Time:  2007

Place: The Internet

Tay Zonday sang about Chocolate Rain. A Miss Teen USA contestant had a word-salad meltdown about maps and Ouch! Charlie bit my finger.

Youtube was only two, and Facebook was on its way to killing Myspace. 

Endless AOL floppy disks arrived by snail mail, promising more free hours in a month than a month even contained, but broadband was taking over and the AOL training wheels were coming off.
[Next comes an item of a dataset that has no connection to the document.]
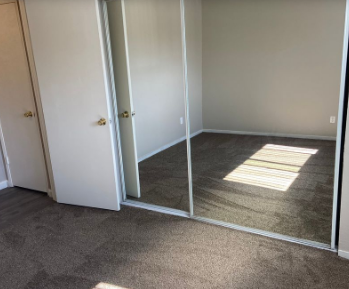 Hacienda Gardens Image 2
Corporate barons had tamed much of the Wild Internet West, killing off enemies like Napster, but still they battled bittorent and the pirate kings. Soon, a certain religious org would attempt to suppress a certain celebrity’s unhinged soliloquy, pissing off some kids on 4-chan and giving birth to Anonymous,

The cake, it seems, was a lie.

The Worldwide Web had not yet quite become the corporate cesspool it is today, hopelessly mired in rigged search engines and hidden cookies, sponsored links and bot-driven virality.  The internet still held, to me at least, a sense of possibility, mystery, discovery. Even wonder.

The Web was made for ADHD brains like mine. Hyperlinks beckoned the hypercurious and rabbit holes into endless warrens of hidden connections littered the virtual landscape. 

The Web was also perfectly suited to the discovery and propagation of a conspiratorial worldview. The sheer volume of available information in this infinitely hyperlinked structure created an illusion that surfing the web was somehow akin to the painstaking work of journalism and scholarly research.  Correlation vs. causation, cognitive bias, cherry picking, echo chambers – concepts all drowned out by the rush of discovery and the drip drip drip of dopamine hits from constant Aha! moments. Yes!  I knew it! This proves what I have been saying all along!

I was a leftist, sure, and focused, as leftists tend to be, on the structural inequalities in our economy and society. But I was also still that weird kid who had asked for nothing but books on the paranormal for his 12th birthday. I was still a fan of the X-Files. I often found myself drawn to the idea of hidden controllers and secret histories. 

Around this time, I stumbled upon other online writers, some of them also leftists, or purportedly so, who skillfully weaved conspiracy threads into a darkly compelling narrative. Yes, capitalism, but also, secret occult societies, mind controlled assassins, ritually abused children, false-flag terrorist attacks and even UFOs all played a part in the elite’s never ending quest to control the masses. Somehow, it all made sense.

It all made sense to someone else as well, someone I had never met and would never meet. She wrote of it, sometimes obliquely, even breezily, in a blog I would not discover until after she died called Wit of the Staircase. Her name was Theresa Duncan, and on July 10, 2007, a Tuesday,  she had swallowed, we were told, a lethal cocktail of Tylenol and Benadryl. The following Tuesday, despite the nearly constant attention of his concerned friends, her longtime partner, Jeremy Blake, joined her in death by stripping off his clothes and swimming out to sea.

It was a tragic tale, first brought to my attention by a conspiracy writer I had come to trust for his keen insight and discernment. Something was very wrong with this story, he hinted. Surely there was some kind of foul play here.

Oh, but I saw something no one else did. I saw hints in her blog that there was a hidden message within. 

“We…detail our signs for those who know,” she wrote just six days before she died, “so that They might be guided toward Us by the varied light of our linguistic constellations.” 

And another post appeared on Halloween, months after she had died, about Sherlock Holmes and death and messages from the other side. She had confirmed my theory: she was not dead. It was all an artistic hoax, a very deep, sophisticated alternate reality game designed to call attention to some very dark truths. And I was the only one who could see it.

 I basically abandoned everything else I had been writing about as I became obsessed with Theresa Duncan and Jeremy Blake. I was driven by this obsession and hubris and just plain stubbornness. I could not let it go. Even as I was mocked and ostracized by online communities that had once been important to me.  Even as Duncan and Blake failed to resurrect themselves. 

Even as my own world began to fall apart.